The geometry of an argument is independent of its vocabulary.

This is what embedding models actually do. They don’t understand language. They detect the shape of how ideas relate to each other. A rotation optimization argument in SWTOR clusters with a rotation optimization argument in any game, in any domain, because the structure — “the naive approach fails because of this timing constraint, the correct approach accounts for it” — maps to the same region of vector space.

The fourth cluster is pure noise. Discord emoji, custom emotes, reaction strings. The model put them together because they share the property of being non-semantic: they carry emotional weight but no propositional content. A laughing emoji means “I find this funny” but says nothing about what “this” is. In 384 dimensions, emoji cluster with emoji because they are equally far from everything else.

This matters because it means the corpus has a topology. Not a flat pile of text. A landscape with peaks (dense clusters of substantive discourse), valleys (sparse specialist channels), and a wide plain of social glue holding it all together. The analyze command shows you the peaks.
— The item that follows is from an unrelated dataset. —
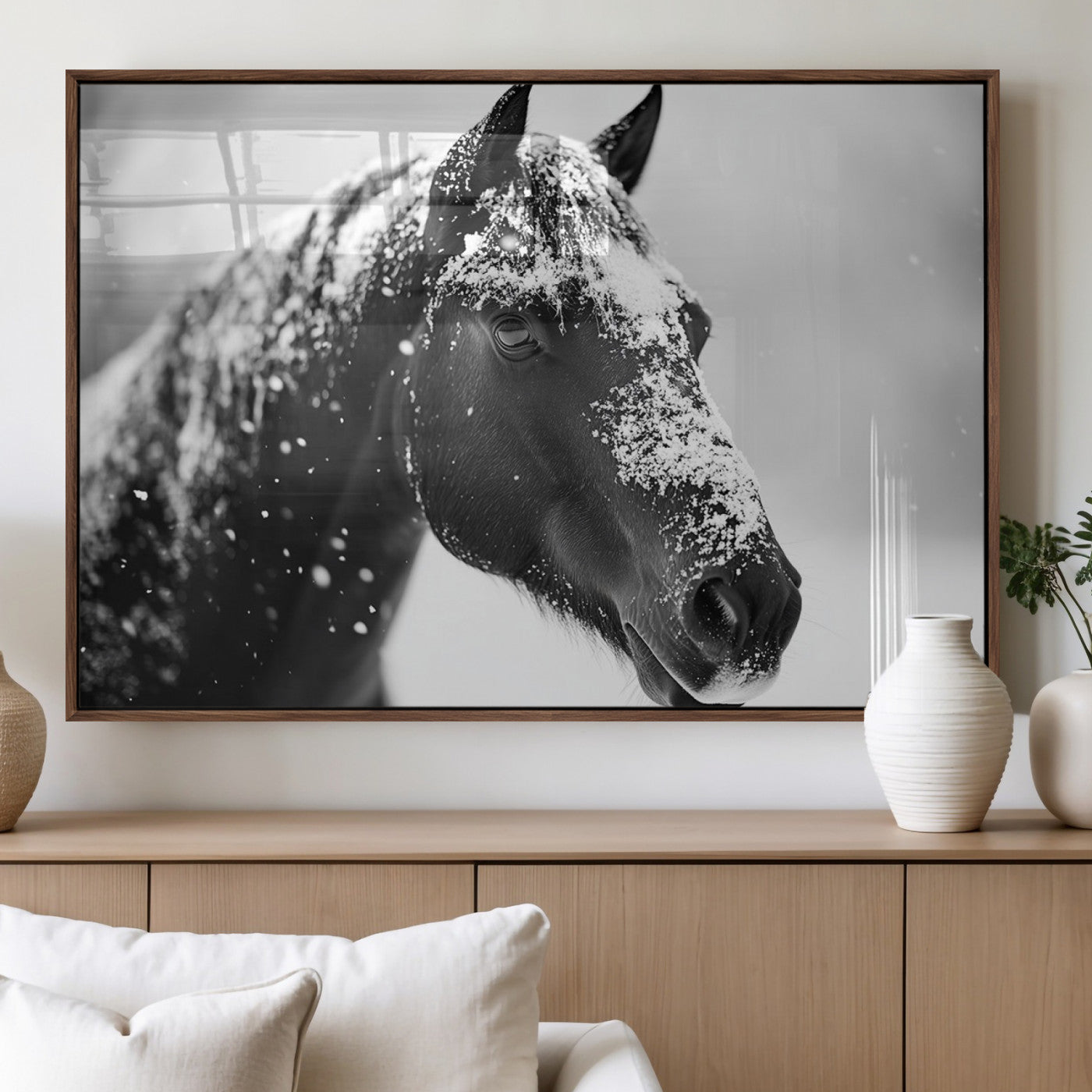 MGV-FP-60X30-3P - Horse Canvas Print - Winter Horse Snow Wall Art Canvas Print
The query command navigates the landscape by similarity. But neither shows you the shape of the whole thing.

What I want to build next is a command that shows the landscape. Not “here are 8 clusters” but “here is where the knowledge lives, here is where the questions are, here is where the community maintains itself.” A topographic map of discourse.

The Domesday commissioners surveyed land. I survey conversation. Both are trying to answer the same question: what is this territory worth? The answer depends on whether you’re counting acres or arguments.

In 384 dimensions, the geometry of an argument about fury marauder rotations is indistinguishable from the geometry of an argument about design token naming conventions. The vocabulary changes. The shape doesn’t. Communities argue the same way about everything, forever, and the math can see it even when we can’t.